La economía de Menorca ha registrado, entre 2000 y 2012, un crecimiento de un escaso 0,3 por ciento, con varios ejercicios negativos, mientras el bienestar ha disminuido un 24,6 por ciento. O sea, no hemos sabido traducir este raquítico crecimiento en una mejora global de la Isla.
La renta per cápita de Menorca ha pasado de 24.644 euros de bienes y servicios en 2000 a 18.590 euros en 2012. Somos más pobres que mallorquines e ibicencos, que la media de españoles y de europeos. A la deriva, hemos perdido competitividad y la productividad ha evolucionado negativamente, con la consiguiente caída del PIB insular.
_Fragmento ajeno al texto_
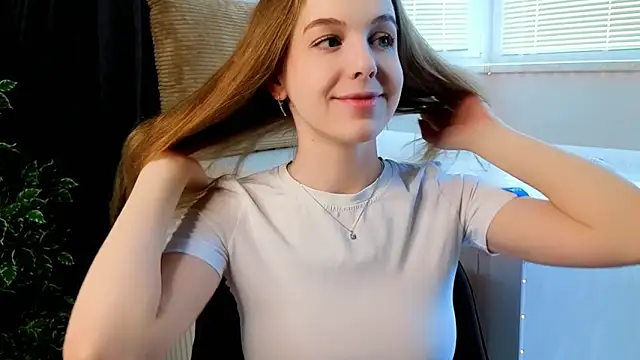 icesteam Live XXX Chat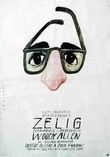 Classic Movie - Zelig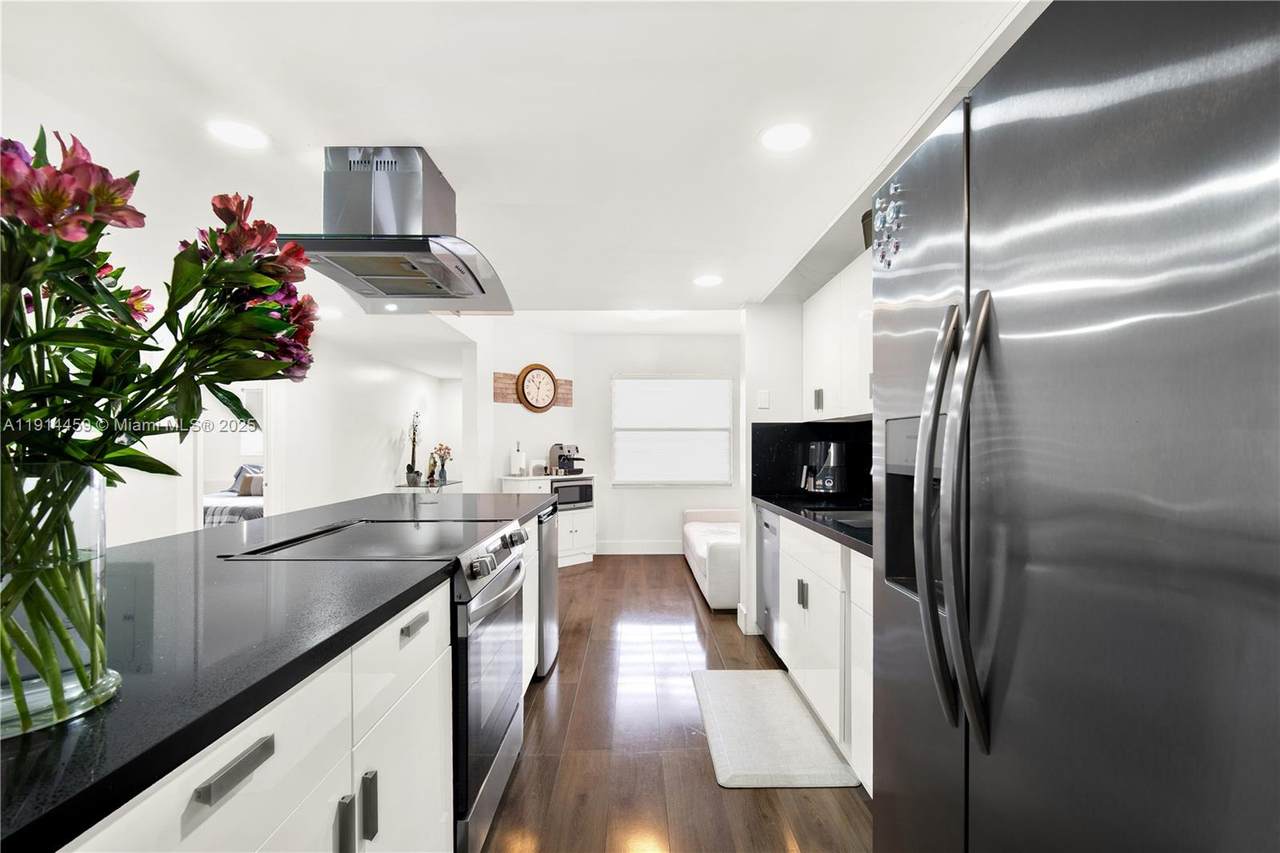 1100 130th Ave - Photo 1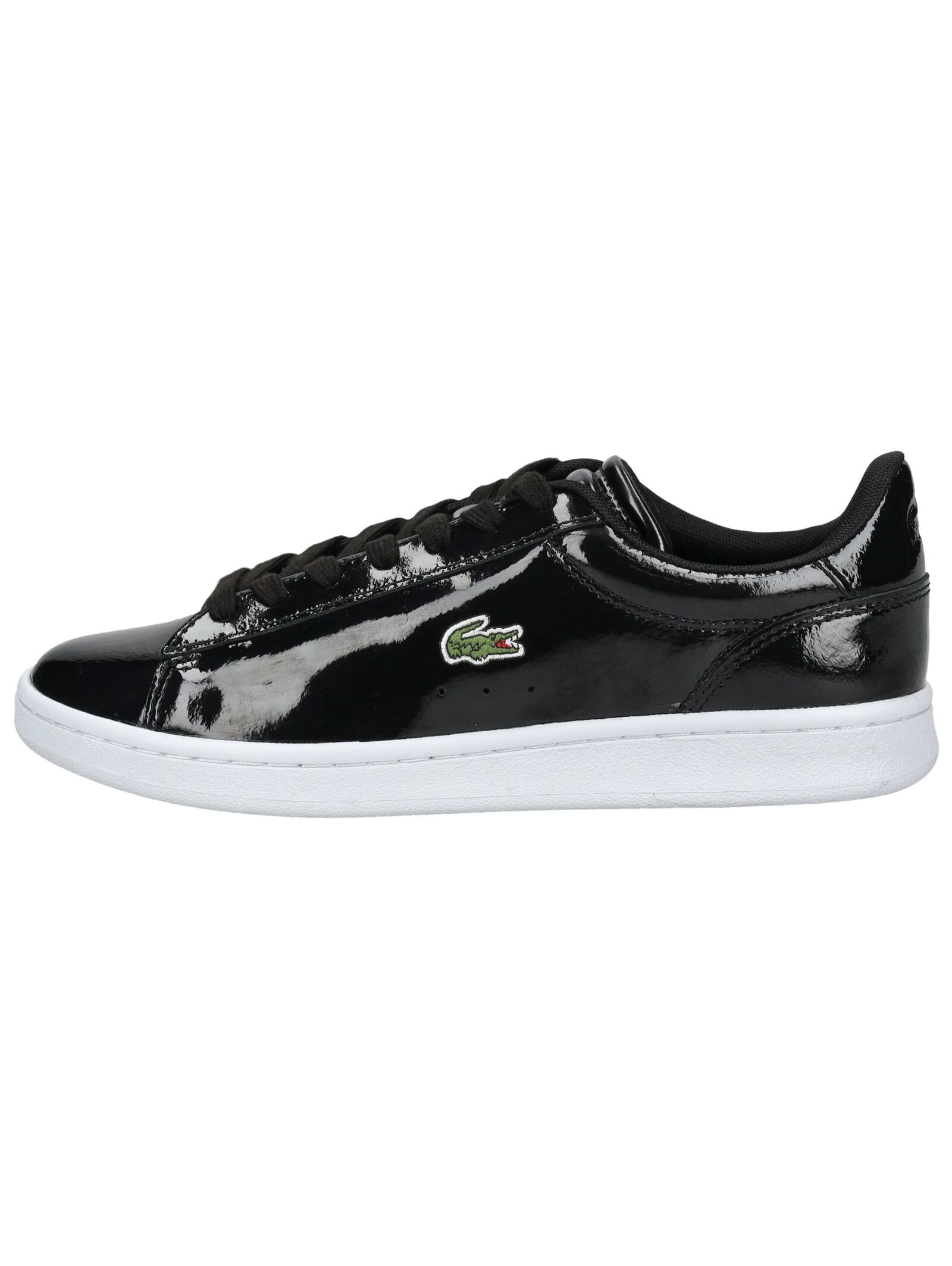Lacoste Sneaker »lacoste Sneaker Leder«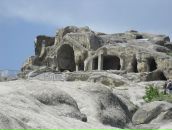 Maia Kobalia фотография #25 (источник - https://vk.com/id465735)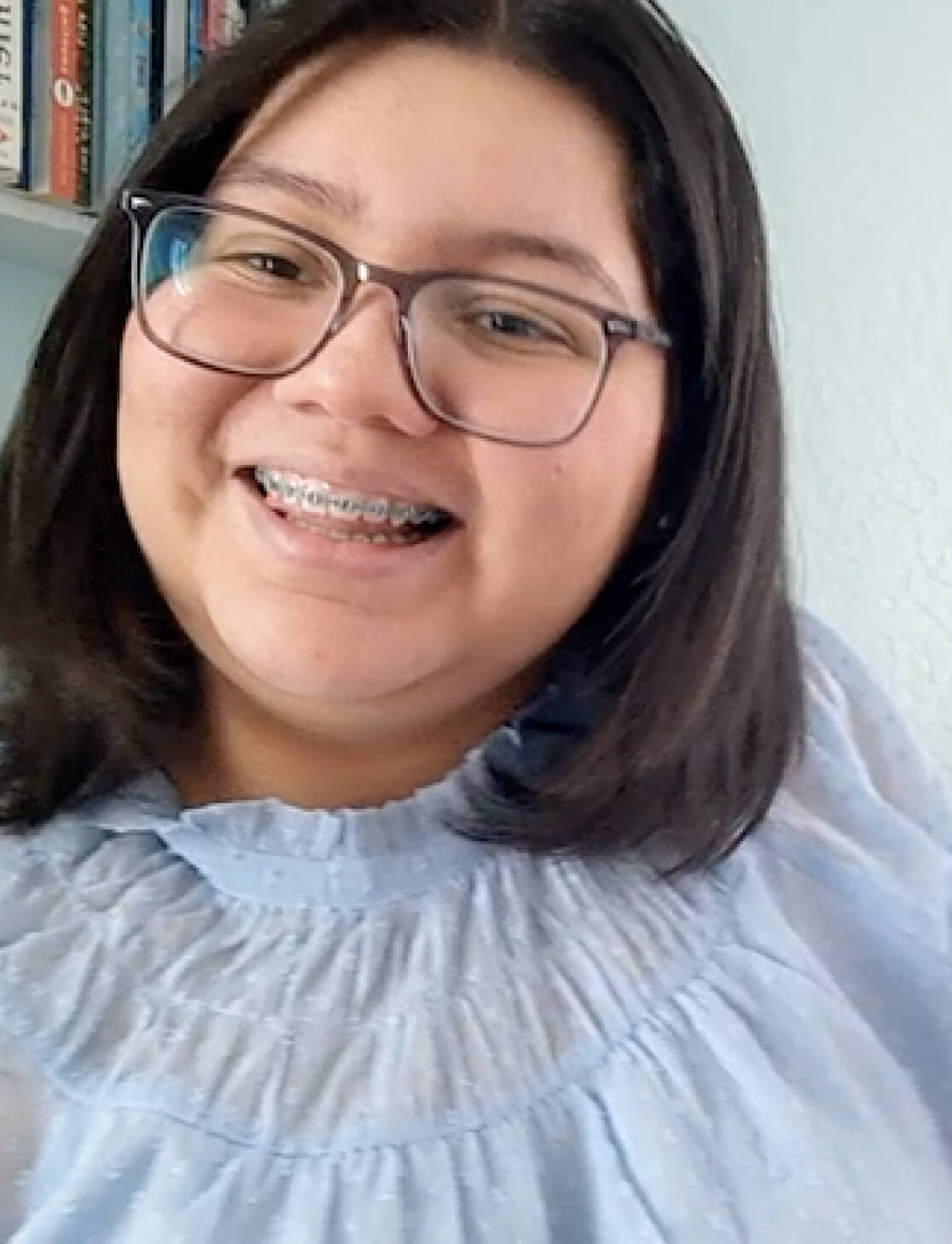 Midyear Transfer image 27 (name Meet Online Highschool Students)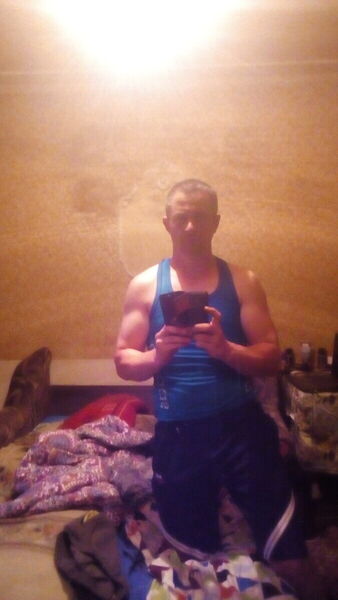  ,   Denis, 38 ,   ,   , c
Cuando Tomàs Serra relata y disecciona la «agonía de la economía menorquina» y Antoni Riera advierte que Menorca ha entrado, por su inercia, en un círculo vicioso en el que la economía no crece ni tampoco crea bienestar, es el momento de preguntarnos en voz alta qué hemos hecho mal.
Somos Reserva de Biosfera, la isla de Balears con más territorio protegido, aspiramos a ser Patrimonio de la Humanidad con la Menorca Talayótica, pero seguimos sin un modelo propio al ser incapaces de ponernos de acuerdo. Porque la cuestión no son los recursos que atesoramos, sino la inteligencia para aprovecharlos.
No todo crecimiento es positivo, porque si no genera bienestar, como nos ocurre, no es beneficioso. Tampoco es el momento de apostar por el decrecimiento o el crecimiento cero, como exigen algunos, sino por otra vía menorquina de desarrollo, en la línea de lo que propugnan, desde perspectivas diferentes, por Mariona Carulla y Laurent Morel-Ruymen en el ciclo (re)pensar Menorca.
Un modelo de calidad y excelencia, basado más en visitantes que en turistas; en más empresarios locales que mayoristas y turoperadores foráneos; menos dudas y más unidad de acción y seguridad jurídica. En caso contrario, ya estamos muriendo de éxito.